The following types of trace are ignored when you replay the trace:

• Traces that contain transactional replication and other transaction log activity. These events are skipped. Other types of replication do not mark the transaction log so they are not affected.

• Traces that contain operations that involve globally unique identifiers (GUID). These events are skipped.

• Traces that contain operations on text, ntext, and image columns involving the bcp utility, the BULK INSERT, READTEXT, WRITETEXT, and UPDATETEXT statements, and full-text operations.
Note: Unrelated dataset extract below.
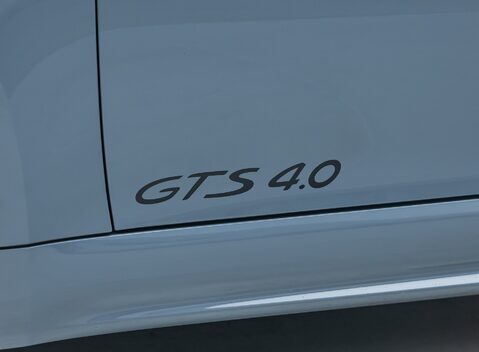 Porsche 718 BOXSTER GTS PDK 38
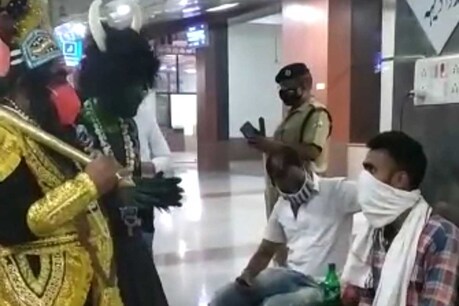 वाराणसी में लोगों को यमराज और कोरोना कर रहे जागरूक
These events are skipped.

• Traces that contain session binding: sp_getbindtoken and sp_bindsession system stored procedures. These events are skipped.

• SQL Server Profiler does not support replaying traces collected by Microsoft SQL Server version 7.0 or earlier.

In addition, some requirements must be met in order to replay the trace on the target server:

• All logins and users contained in the trace must be created already on the target and in the same database as the source.

• All logins and users in the target must have the same permissions they had in the source.

• All login passwords must be the same as those of the user who executes the replay. You can use the Transfer Login task in SSIS to transfer the logins to the target server on which you want to replay the trace.

• The database IDs on the target ideally should be the same as those on the source. However, if they are not the same, matching can be performed based on the database name if it is present in the trace, so make sure that you have the DatabaseName data column selected in the trace.

• The default database on the target server for a login should be the same as on the source when the trace was taken.

• Replaying events associated with missing or incorrect logins results in replay errors, but the replay operation continues.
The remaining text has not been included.